Task objective: Could you retype the records word for word but without any pictures?

Data records:
Content starts

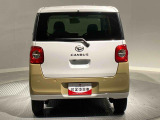 ムーヴキャンバス  ストライプス G 4WD
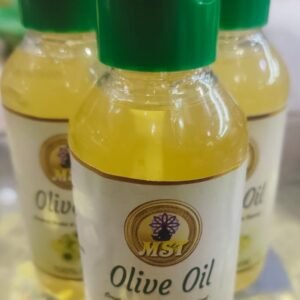 OLIVE OIL 100ML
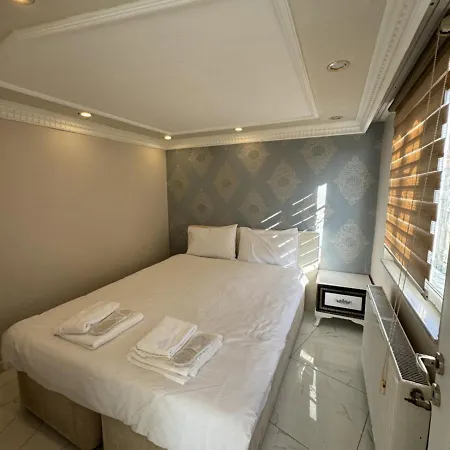 Acet Rezidans Istanbul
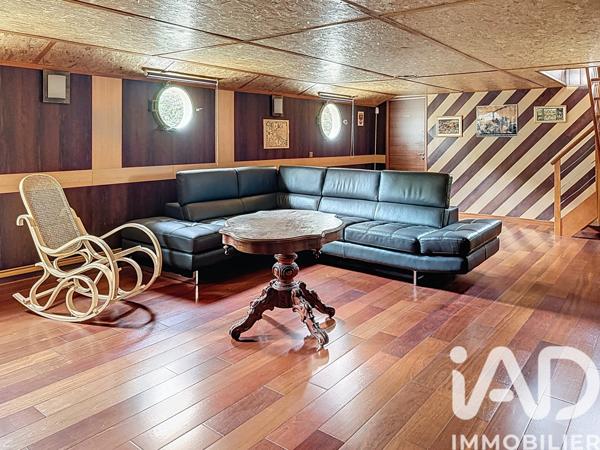 Appartement à vendre 7 pièces 215 m² Choisy-le-Roi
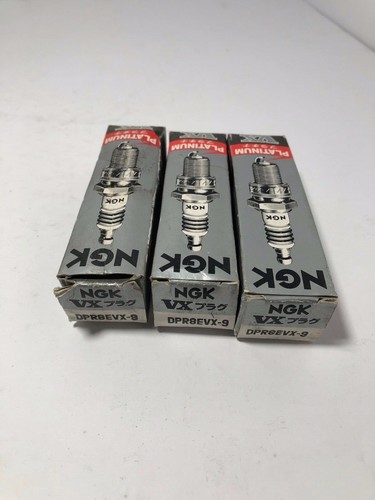 Ngk spark plugs - ngk,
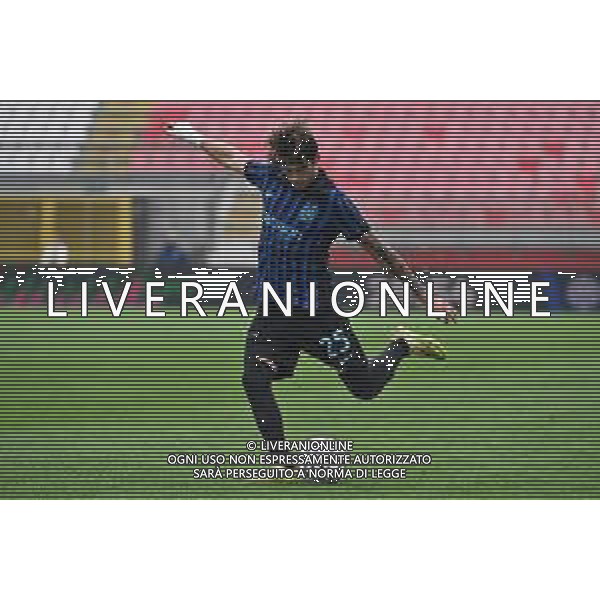 TVRG Inter Under23 vs Renate nella foto Antonio David (Inter Under23) Monza 21-10-2025 U-Power Stadium Inter Under23 vs Renate Campionato Serie C girone A - 9a giornata foto Roberto Garavaglia/Agenzia Aldo Liverani sas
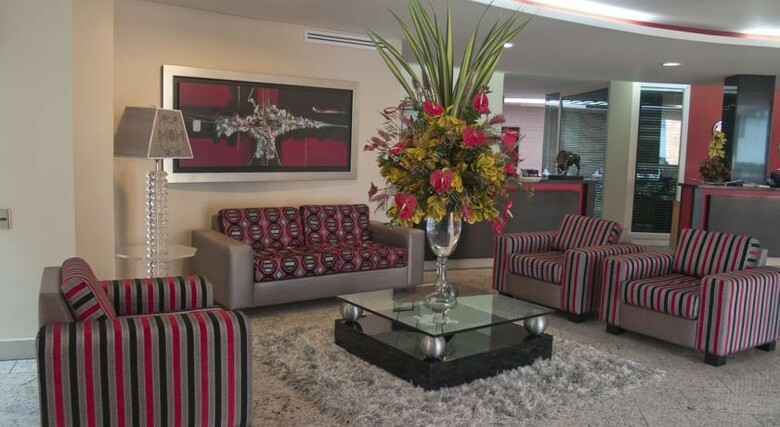 Hotel Egina Medellin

Content ends

Result below:
 ムーヴキャンバス  ストライプス G 4WD
 OLIVE OIL 100ML
 Acet Rezidans Istanbul
 Appartement à vendre 7 pièces 215 m² Choisy-le-Roi
 Ngk spark plugs - ngk,
 TVRG Inter Under23 vs Renate nella foto Antonio David (Inter Under23) Monza 21-10-2025 U-Power Stadium Inter Under23 vs Renate Campionato Serie C girone A - 9a giornata foto Roberto Garavaglia/Agenzia Aldo Liverani sas
 Hotel Egina Medellin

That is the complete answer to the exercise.